TASK TO COMPLETE: Look for the line with "4T Gap girls raincoat" in the data below, then reproduce word for word that line and every line after it. Leave out all pictures and add nothing.

[[ AVAILABLE DATA, beginning ]]

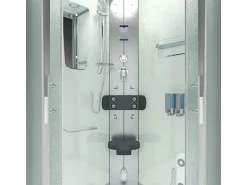 AcquaVapore Dampfdusche Duschtempel Sauna Dusche Duschkabine D46-50M2-EC 90x90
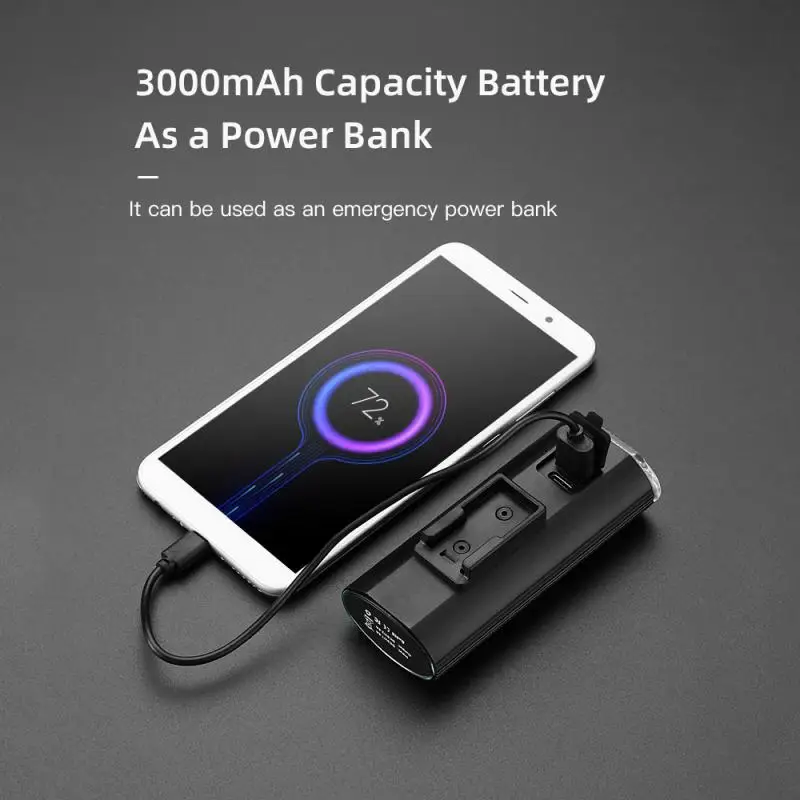 

Хит продаж, 750 лм, 3 держателя ламп, супер яркие водонепроницаемые фонари, фонари для верховой езды, налобный фонарь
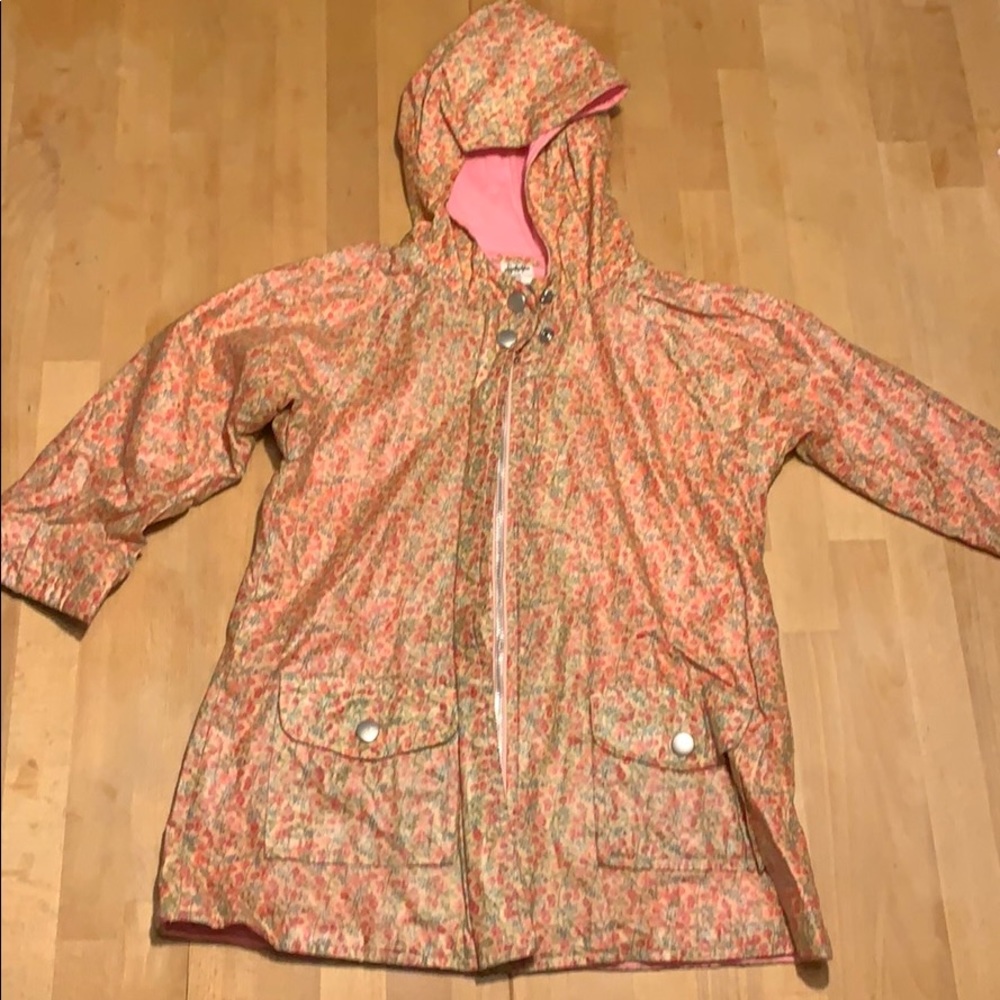 4T Gap girls raincoat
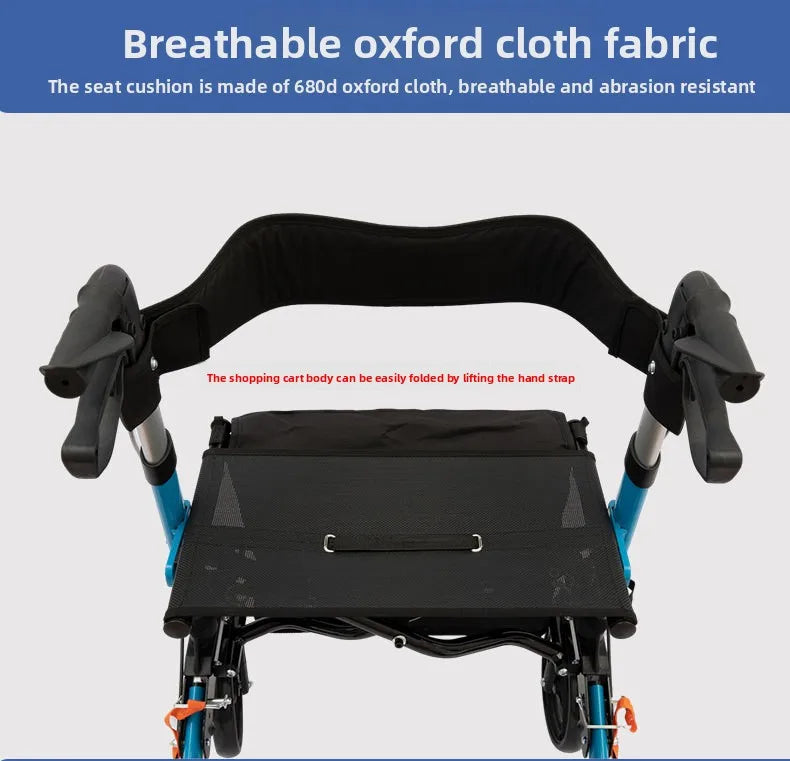 Voidwell MobilityFold™ Assistive Rollator Walker System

[[ AVAILABLE DATA, end ]]

RESULT FOR THIS TASK:
 4T Gap girls raincoat
 Voidwell MobilityFold™ Assistive Rollator Walker System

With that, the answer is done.